Dividing Equity Among Founders
Charm started out with a scenario. There were five different characters working at a lab and each fighting for their equity. Each student became one of the characters and started discussing how much equity they deserved to have.
Professor Charm emphasized that there are some criteria for sharing the equity:
- the past contributions
- the market
- future contributions
- current money
Founders should remember that everyone is negotiating for their own sake.
There are four key items to think about when dividing equity. According to Professor Charm, they are called the four D’s:
- Decision: how are things going to be divided? Who is going to have the final say?
- Death: what happens when one of the co-founders/stakeholders dies?
- Divorce: how will the business be broken up in the case of dispute?
- Dissolution: how will the equity be divided among the shareholders if the company is dissolved?
Moreover, there are other things to think about such as vesting schedule for founders, number of founders which produce highest success, who is on the board and separate ownership and votes.

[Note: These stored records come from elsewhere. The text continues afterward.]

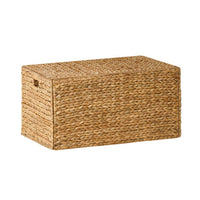 Jom Storage Trunk Basket with Lid, 27 Inch Light Brown Hyacinth Woven - BM351323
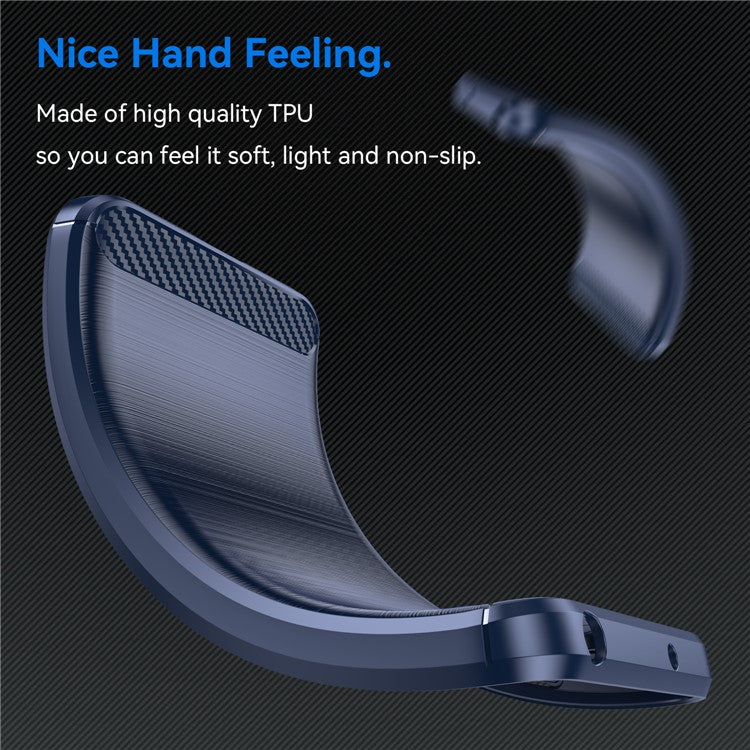 For Huawei Mate 60 Pro Case Slim Carbon Fiber Texture Brushed Phone Back Cover - Blue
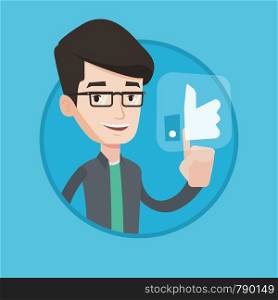Man pressing like button. Man pressing social like button with thumb up. Caucasian smiling man pressing social network button. Vector flat design illustration in the circle isolated on background.. Man pressing like button vector illustration.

Professor Charm shared that there is no such thing as “fair” when it comes to splitting equity. Everyone always looks out for their best interest. One might think that since they are in the highest position, they deserve the highest equity. One may think that they deserve the highest equity because they have the most patents.
Professor Charm shared that in order to deal with this inevitable problem, it is best to talk about splitting the equity before the business even kicks off. The “kitchen table conversation” takes a long time, so if you have a new venture, have the conversation as early as possible.